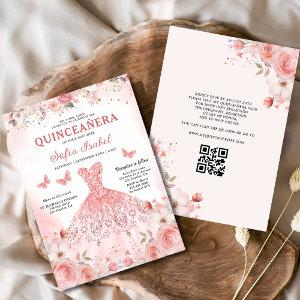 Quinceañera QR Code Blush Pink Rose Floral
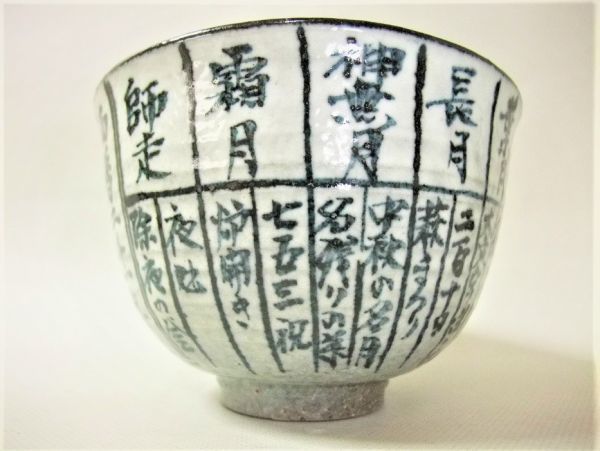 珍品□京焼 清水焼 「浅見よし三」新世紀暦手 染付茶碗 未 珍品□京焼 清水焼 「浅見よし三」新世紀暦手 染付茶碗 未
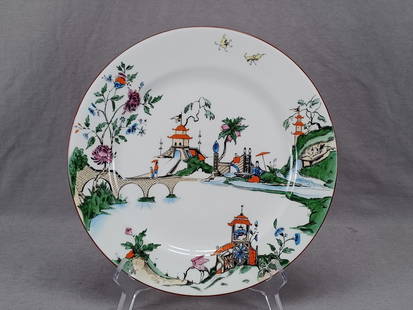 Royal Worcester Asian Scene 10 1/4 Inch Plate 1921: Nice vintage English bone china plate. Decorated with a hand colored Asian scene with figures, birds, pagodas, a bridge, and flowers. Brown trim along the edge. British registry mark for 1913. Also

§ DIRECTIONS: When you repeat the data, keep it exact and drop every picture.

§ ANSWER TO THE EXERCISE:
 Quinceañera QR Code Blush Pink Rose Floral
 珍品□京焼 清水焼 「浅見よし三」新世紀暦手 染付茶碗 未 珍品□京焼 清水焼 「浅見よし三」新世紀暦手 染付茶碗 未
 Royal Worcester Asian Scene 10 1/4 Inch Plate 1921: Nice vintage English bone china plate. Decorated with a hand colored Asian scene with figures, birds, pagodas, a bridge, and flowers. Brown trim along the edge. British registry mark for 1913. Also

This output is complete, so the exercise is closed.